Le contexte politique de 1942 permit de mettre cette statue plus en vue en la déplaçant à l’intersection du boulevard de la Victoire et de la rue des Tisserands. Ce ne fut pas une si bonne idée, d’abord parce que le déménagement du Vendéen à cet endroit lui brisa la main et la faux qui dépassaient du camion, en passant sous le pont situé en haut de la rue Sadi-Carnot. D’autre part, et surtout, cette exposition livrait le monument à toutes les injures.

« Dans la nuit du 13 au 14 novembre 1944 (7), des inconnus étrangers à Cholet – a-t-on dit – le firent sauter à la dynamite. La croix massive et toute la partie supérieure de la statue ont été brisées et il ne subsiste plus qu’un moignon informe et méconnaissable. Fait assez curieux : le chapelet du cou et le Sacré-Cœur de la veste demeurent encore, plus ou moins détériorés, comme si la Providence avait voulu permettre que soient respectés les emblèmes sacrés qui donnent leur plein sens à la levée d’armes vendéenne. En tout cas, un résultat que n’escomptaient sans doute pas les auteurs de cet odieux et stupide attentat a été le mouvement presque unanime de réprobation qui l’a accueilli (…) Suivant l’avis d’experts consultés, la statue serait réparable… » (8)
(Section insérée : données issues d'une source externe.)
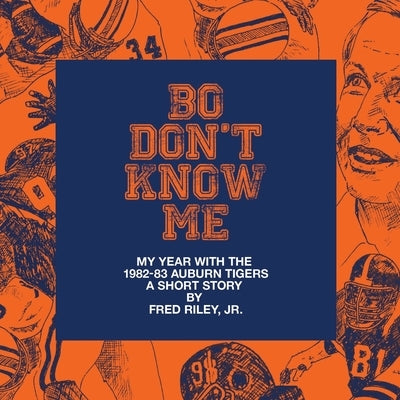 Bo Don't Know Me by Riley, Fred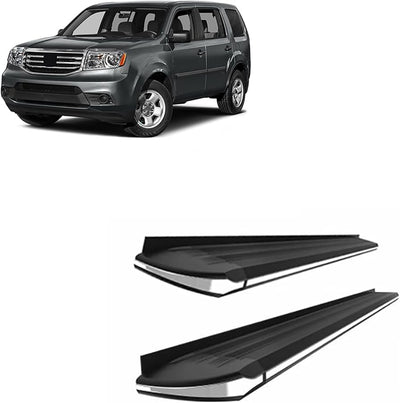 2007-2013 ACURA MDX RUNNING BOARDS-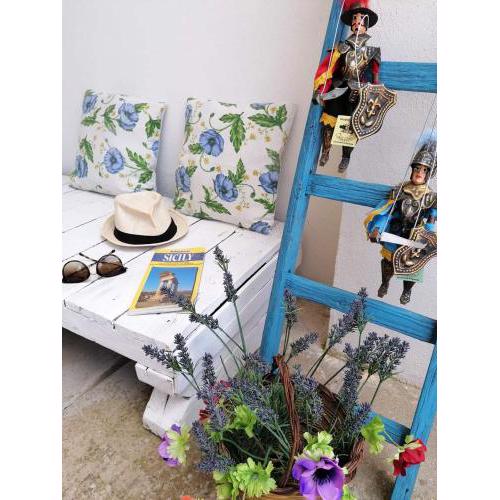 My Sicily Home-Casa con giardino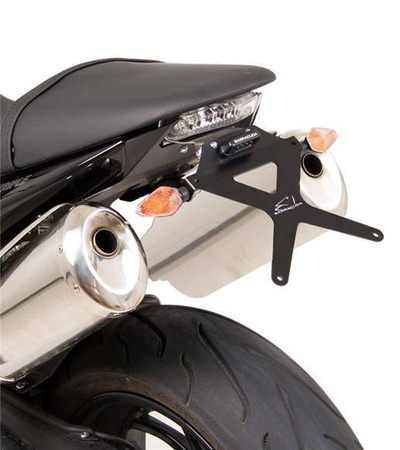 Barracuda Triumph Speed Triple Mocowanie Tablicy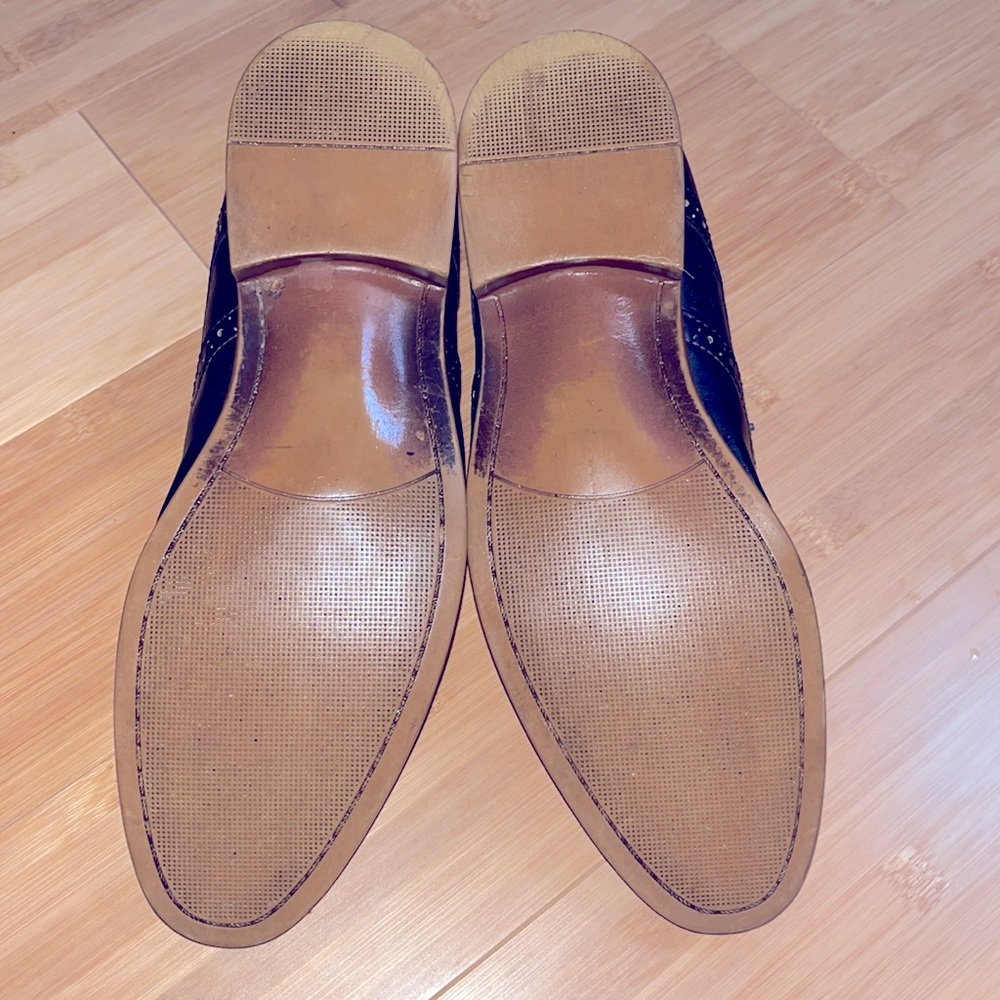 Men’s Black Shoes - Picture 4 of 6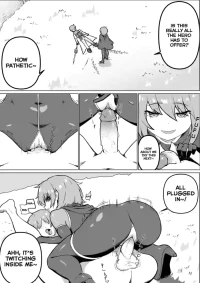 [Nyle202] Defeated by a Doppelganger (Monmusu Conquered World)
Les débris de la statue avaient aussitôt été recueillis, ce qui permit de réparer tant bien que mal le monument, aux frais de la mairie de Cholet qui la déplaça à nouveau en un lieu plus discret, dans le parc Perroteau (9). Arborant les stigmates des violences qu’il a subies, le Vendéen est désormais à l’abri à l’intérieur du Musée d’Art et d’Histoire, dont il a intégré les collections, au titre des dépôts du Souvenir Vendéen (10), après sa restauration en 1998.
  

Le Vendeen de Real del SarteLe Vendéen avant l'attentat de 1944 et après la restauration de 1998
  


Notes :

  1. Le 17 août 1832, le ministre du Commerce et des Travaux publics mandait ainsi au préfet de Maine-et-Loire : « De 1814 à 1815, divers monuments qui, tous de nature à perpétuer de pénibles souvenirs ou à entretenir des haines funestes entre les citoyens, ont été élevés sur plusieurs points du royaume » Il le prie ensuite de lui envoyer un état détaillé des monuments, statues, colonnes, etc., ainsi que son avis « sur les mesures qu'il conviendrait de prendre à l'égard de chacun d'eux », soit pour les conserver, soit pour leur faire subir des modifications ou une translation en un autre lieu, « soit même que vous jugiez devoir provoquer leur destruction » (F. Uzureau, Les statues des généraux vendéens et le Gouvernement de Juillet (1832), L'Anjou historique, 1917, pp. 159-160).
  2. Le terrain sur lequel avait été érigé le monument en mémoire de Jacques Cathelineau appartenait à M. de Lostanges.
  3. F. Uzureau, Le monument de Cathelineau au Pin-en-Mauges, L’Anjou historique, 1930, p. 57. En 1979, la statue de Cathelineau subit un nouvel outrage : son poignet droit, qui tenait l’épée, fut brisé et emporté. Chose curieuse, la seconde statue qui ornait la grande salle de la mairie du Pin-en-Mauges fut elle aussi mutilée, le fusil sur lequel s’appuyait Cathelineau fut brisé.
  4. F. Uzureau, op. cit.pp. 161-162.
  5. Maxime Real del Sarte (1888-1954) était aussi le premier chef des Camelots du roi, mouvement antirépublicain lié à l'Action française.
  6. L’Ouest-Éclair, 6 septembre 1937.
  7. La ville de Cholet était libérée de l’occupation allemande depuis le 31 août précédent.
  8. Lettre du Souvenir Vendéen, 1er octobre 1945.
  9. Parc situé entre l'avenue Gambetta et la rue du Paradis.
  10. Le Vendéen de Real del Sarte demeure la propriété de l’association du Souvenir Vendéen.